PROBLEM STATEMENT: Produce all the records again exactly as they stand.

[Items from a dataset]
════════════════
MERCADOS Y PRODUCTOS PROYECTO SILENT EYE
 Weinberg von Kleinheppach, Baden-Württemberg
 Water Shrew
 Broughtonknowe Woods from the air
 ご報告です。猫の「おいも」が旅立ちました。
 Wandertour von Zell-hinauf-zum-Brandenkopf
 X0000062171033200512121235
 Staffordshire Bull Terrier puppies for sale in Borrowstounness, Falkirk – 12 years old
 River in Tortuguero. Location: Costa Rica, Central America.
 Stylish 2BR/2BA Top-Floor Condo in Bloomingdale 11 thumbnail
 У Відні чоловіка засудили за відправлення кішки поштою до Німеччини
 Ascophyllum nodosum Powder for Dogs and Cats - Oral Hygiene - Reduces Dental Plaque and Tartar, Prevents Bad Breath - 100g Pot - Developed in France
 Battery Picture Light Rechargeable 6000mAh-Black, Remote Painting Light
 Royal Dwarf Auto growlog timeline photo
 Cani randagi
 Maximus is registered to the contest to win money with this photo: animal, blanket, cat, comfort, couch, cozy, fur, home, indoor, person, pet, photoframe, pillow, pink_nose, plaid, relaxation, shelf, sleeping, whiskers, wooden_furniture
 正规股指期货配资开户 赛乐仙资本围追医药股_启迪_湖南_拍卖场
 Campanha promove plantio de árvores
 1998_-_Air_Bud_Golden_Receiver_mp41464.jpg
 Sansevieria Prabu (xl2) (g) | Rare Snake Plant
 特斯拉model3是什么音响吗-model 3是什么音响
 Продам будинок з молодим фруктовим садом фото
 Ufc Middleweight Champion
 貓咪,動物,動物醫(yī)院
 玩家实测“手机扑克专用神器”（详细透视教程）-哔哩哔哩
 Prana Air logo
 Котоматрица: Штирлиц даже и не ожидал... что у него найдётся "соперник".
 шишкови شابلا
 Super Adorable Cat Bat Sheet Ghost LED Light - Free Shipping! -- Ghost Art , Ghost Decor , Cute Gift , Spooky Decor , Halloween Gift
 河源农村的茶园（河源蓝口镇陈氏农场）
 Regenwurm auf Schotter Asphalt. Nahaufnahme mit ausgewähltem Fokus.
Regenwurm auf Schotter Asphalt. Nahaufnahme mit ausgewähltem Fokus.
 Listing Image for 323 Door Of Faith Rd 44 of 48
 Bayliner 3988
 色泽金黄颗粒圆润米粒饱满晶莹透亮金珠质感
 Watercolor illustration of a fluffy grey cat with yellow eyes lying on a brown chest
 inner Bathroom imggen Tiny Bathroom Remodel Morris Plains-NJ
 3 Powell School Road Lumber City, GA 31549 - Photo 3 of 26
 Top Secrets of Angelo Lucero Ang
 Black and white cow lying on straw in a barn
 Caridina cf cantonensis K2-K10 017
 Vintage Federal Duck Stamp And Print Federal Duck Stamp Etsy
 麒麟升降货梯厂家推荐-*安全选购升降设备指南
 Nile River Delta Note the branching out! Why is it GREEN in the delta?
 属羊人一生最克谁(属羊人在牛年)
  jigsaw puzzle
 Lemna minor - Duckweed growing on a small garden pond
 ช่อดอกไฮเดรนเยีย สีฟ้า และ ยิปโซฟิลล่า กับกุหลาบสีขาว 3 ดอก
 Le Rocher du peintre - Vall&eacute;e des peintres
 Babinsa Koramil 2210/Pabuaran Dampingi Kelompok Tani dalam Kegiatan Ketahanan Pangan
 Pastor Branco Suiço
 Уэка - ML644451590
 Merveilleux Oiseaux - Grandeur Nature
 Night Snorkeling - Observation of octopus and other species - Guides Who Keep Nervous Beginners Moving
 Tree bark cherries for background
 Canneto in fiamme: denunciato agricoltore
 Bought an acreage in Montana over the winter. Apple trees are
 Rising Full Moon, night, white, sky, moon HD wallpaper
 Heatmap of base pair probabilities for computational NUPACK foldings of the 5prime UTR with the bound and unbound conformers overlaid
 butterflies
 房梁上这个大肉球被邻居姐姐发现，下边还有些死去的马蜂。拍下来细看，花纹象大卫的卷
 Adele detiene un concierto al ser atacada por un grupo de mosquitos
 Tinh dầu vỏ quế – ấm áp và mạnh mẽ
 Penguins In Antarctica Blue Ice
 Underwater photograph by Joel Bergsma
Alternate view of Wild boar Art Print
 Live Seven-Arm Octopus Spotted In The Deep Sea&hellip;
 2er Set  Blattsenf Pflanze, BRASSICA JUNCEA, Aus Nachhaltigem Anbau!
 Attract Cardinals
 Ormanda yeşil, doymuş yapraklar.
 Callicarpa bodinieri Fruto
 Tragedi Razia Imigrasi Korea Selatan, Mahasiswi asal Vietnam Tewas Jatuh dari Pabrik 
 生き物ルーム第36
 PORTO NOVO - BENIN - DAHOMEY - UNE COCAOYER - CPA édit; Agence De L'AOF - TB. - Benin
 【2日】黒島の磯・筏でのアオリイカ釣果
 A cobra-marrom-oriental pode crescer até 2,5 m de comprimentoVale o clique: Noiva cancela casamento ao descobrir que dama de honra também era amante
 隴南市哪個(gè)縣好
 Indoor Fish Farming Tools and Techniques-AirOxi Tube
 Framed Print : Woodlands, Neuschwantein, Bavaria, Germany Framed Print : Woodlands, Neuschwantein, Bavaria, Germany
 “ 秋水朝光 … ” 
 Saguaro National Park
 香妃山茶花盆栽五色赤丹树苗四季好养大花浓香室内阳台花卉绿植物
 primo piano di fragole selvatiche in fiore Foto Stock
════════════════
FINISHED EXERCISE:
MERCADOS Y PRODUCTOS PROYECTO SILENT EYE
 Weinberg von Kleinheppach, Baden-Württemberg
 Water Shrew
 Broughtonknowe Woods from the air
 ご報告です。猫の「おいも」が旅立ちました。
 Wandertour von Zell-hinauf-zum-Brandenkopf
 X0000062171033200512121235
 Staffordshire Bull Terrier puppies for sale in Borrowstounness, Falkirk – 12 years old
 River in Tortuguero. Location: Costa Rica, Central America.
 Stylish 2BR/2BA Top-Floor Condo in Bloomingdale 11 thumbnail
 У Відні чоловіка засудили за відправлення кішки поштою до Німеччини
 Ascophyllum nodosum Powder for Dogs and Cats - Oral Hygiene - Reduces Dental Plaque and Tartar, Prevents Bad Breath - 100g Pot - Developed in France
 Battery Picture Light Rechargeable 6000mAh-Black, Remote Painting Light
 Royal Dwarf Auto growlog timeline photo
 Cani randagi
 Maximus is registered to the contest to win money with this photo: animal, blanket, cat, comfort, couch, cozy, fur, home, indoor, person, pet, photoframe, pillow, pink_nose, plaid, relaxation, shelf, sleeping, whiskers, wooden_furniture
 正规股指期货配资开户 赛乐仙资本围追医药股_启迪_湖南_拍卖场
 Campanha promove plantio de árvores
 1998_-_Air_Bud_Golden_Receiver_mp41464.jpg
 Sansevieria Prabu (xl2) (g) | Rare Snake Plant
 特斯拉model3是什么音响吗-model 3是什么音响
 Продам будинок з молодим фруктовим садом фото
 Ufc Middleweight Champion
 貓咪,動物,動物醫(yī)院
 玩家实测“手机扑克专用神器”（详细透视教程）-哔哩哔哩
 Prana Air logo
 Котоматрица: Штирлиц даже и не ожидал... что у него найдётся "соперник".
 шишкови شابلا
 Super Adorable Cat Bat Sheet Ghost LED Light - Free Shipping! -- Ghost Art , Ghost Decor , Cute Gift , Spooky Decor , Halloween Gift
 河源农村的茶园（河源蓝口镇陈氏农场）
 Regenwurm auf Schotter Asphalt. Nahaufnahme mit ausgewähltem Fokus.
Regenwurm auf Schotter Asphalt. Nahaufnahme mit ausgewähltem Fokus.
 Listing Image for 323 Door Of Faith Rd 44 of 48
 Bayliner 3988
 色泽金黄颗粒圆润米粒饱满晶莹透亮金珠质感
 Watercolor illustration of a fluffy grey cat with yellow eyes lying on a brown chest
 inner Bathroom imggen Tiny Bathroom Remodel Morris Plains-NJ
 3 Powell School Road Lumber City, GA 31549 - Photo 3 of 26
 Top Secrets of Angelo Lucero Ang
 Black and white cow lying on straw in a barn
 Caridina cf cantonensis K2-K10 017
 Vintage Federal Duck Stamp And Print Federal Duck Stamp Etsy
 麒麟升降货梯厂家推荐-*安全选购升降设备指南
 Nile River Delta Note the branching out! Why is it GREEN in the delta?
 属羊人一生最克谁(属羊人在牛年)
  jigsaw puzzle
 Lemna minor - Duckweed growing on a small garden pond
 ช่อดอกไฮเดรนเยีย สีฟ้า และ ยิปโซฟิลล่า กับกุหลาบสีขาว 3 ดอก
 Le Rocher du peintre - Vall&eacute;e des peintres
 Babinsa Koramil 2210/Pabuaran Dampingi Kelompok Tani dalam Kegiatan Ketahanan Pangan
 Pastor Branco Suiço
 Уэка - ML644451590
 Merveilleux Oiseaux - Grandeur Nature
 Night Snorkeling - Observation of octopus and other species - Guides Who Keep Nervous Beginners Moving
 Tree bark cherries for background
 Canneto in fiamme: denunciato agricoltore
 Bought an acreage in Montana over the winter. Apple trees are
 Rising Full Moon, night, white, sky, moon HD wallpaper
 Heatmap of base pair probabilities for computational NUPACK foldings of the 5prime UTR with the bound and unbound conformers overlaid
 butterflies
 房梁上这个大肉球被邻居姐姐发现，下边还有些死去的马蜂。拍下来细看，花纹象大卫的卷
 Adele detiene un concierto al ser atacada por un grupo de mosquitos
 Tinh dầu vỏ quế – ấm áp và mạnh mẽ
 Penguins In Antarctica Blue Ice
 Underwater photograph by Joel Bergsma
Alternate view of Wild boar Art Print
 Live Seven-Arm Octopus Spotted In The Deep Sea&hellip;
 2er Set  Blattsenf Pflanze, BRASSICA JUNCEA, Aus Nachhaltigem Anbau!
 Attract Cardinals
 Ormanda yeşil, doymuş yapraklar.
 Callicarpa bodinieri Fruto
 Tragedi Razia Imigrasi Korea Selatan, Mahasiswi asal Vietnam Tewas Jatuh dari Pabrik 
 生き物ルーム第36
 PORTO NOVO - BENIN - DAHOMEY - UNE COCAOYER - CPA édit; Agence De L'AOF - TB. - Benin
 【2日】黒島の磯・筏でのアオリイカ釣果
 A cobra-marrom-oriental pode crescer até 2,5 m de comprimentoVale o clique: Noiva cancela casamento ao descobrir que dama de honra também era amante
 隴南市哪個(gè)縣好
 Indoor Fish Farming Tools and Techniques-AirOxi Tube
 Framed Print : Woodlands, Neuschwantein, Bavaria, Germany Framed Print : Woodlands, Neuschwantein, Bavaria, Germany
 “ 秋水朝光 … ” 
 Saguaro National Park
 香妃山茶花盆栽五色赤丹树苗四季好养大花浓香室内阳台花卉绿植物
 primo piano di fragole selvatiche in fiore Foto Stock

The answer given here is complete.